Re: Improving the data supplied by BPF

To: Arnaud Lacombe <lacombar%gmail.com@localhost>
Subject: Re: Improving the data supplied by BPF
From: Darren Reed <darrenr%netbsd.org@localhost>
Date: Sat, 27 Dec 2008 00:38:12 +1100

Arnaud Lacombe wrote:
> Hi,
> 
> On Thu, Dec 25, 2008 at 11:35 AM, Darren Reed <darrenr%netbsd.org@localhost> 
> wrote:
>> Recently I've talked with a few different folks about packet capture
>> and have become aware of some of the problems that people face when
>> trying to use BPF vs other propritary solutions that exist. While it
>> may be possible to capture data at a good rate with BPF, there is
>> important meta data that isn't provided.
>>
> could you details what BPF is missing vs. other proprietary solutions
> ? What a heavy tcpdump user can expect compared to the actual one ?

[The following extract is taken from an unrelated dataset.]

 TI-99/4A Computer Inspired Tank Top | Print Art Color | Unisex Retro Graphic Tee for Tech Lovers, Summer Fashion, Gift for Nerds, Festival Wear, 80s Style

Notification about when packets are dropped, an indication of
whether or not the packet was going in or out... there are
additional characteristics, such as if the packet was an "error"
(i.e. bad ethernet CRC, runt, etc) but it appears BPF doesn't
see those anyway. Being able to easily find the start of the
packet, being told the complete size of the current record...

>> This set of diffs attempts to address that by introducing a new BPF
>>
> maybe your changes would be clearer if you only provided the diff made
> on BPF itself (about 10% of the whole diff), and a sample use-case.
> Everything else is only API change.

If you're sufficiently interested then I'm sure you can extract the
part that concerns you... but honestly, the code changes to BPF are
trivial. What's really important is what I included and what you've
commented on.

Simple use case? Say you've got a bridge port on your NetBSD box and
you capture packets on it. How do you know which packets were going
to boxes that are connected out that wire vs some other bridge port?
i.e. if you used tcpdump today, you've got a bunch of packets that
show a conversation between two hosts. How do you know from the
capture which packets were sent out the NIC vs which were received?

Say you've got two raw capture files from different interfaces that
have different media types. How do you merge them into one for easier
analysis? (Current pcap files encode the link type in the file header,
thus implying every packet has the same MAC type.)

>> The purpose of the sequence number is to provide the rolling counter
>> of the packets captured for the one in question. Thus if in successive
>> reads the count went from 2 to 5, you know 3 packets have been missed.
>>
> what if the count goes from 3 to... 3, ie. the seq number overflowed
> (for whatever reason) ?

So while the program was sleeping, 4 billion packets went through.
Well, I suppose that's only an hour or so of sleeping with line
rate on a 10G card. I think there's a chance that a sequence number
wrap will be noticed in those conditions.... not to mention that
grabbing the BPF statistics would show a very very large delta in
bs_drop. But left long enough on a fast NIC, even that will wrap.

>> /*
>>  * Enhanced BPF packet record structure
>>  */
>> typedef struct ebpf_rec_s {
>>       uint64_t        ebr_secs;       /* No more Y2k38 problem */
> why unsigned ? currently `tv_sec' is signed. Why not using time_t ?
> There is an obvious ABI breakage when we will switch to 64bits time_t
> but this is be a better type than raw integer. The breakage is a
> different trouble and should be dealt with separately.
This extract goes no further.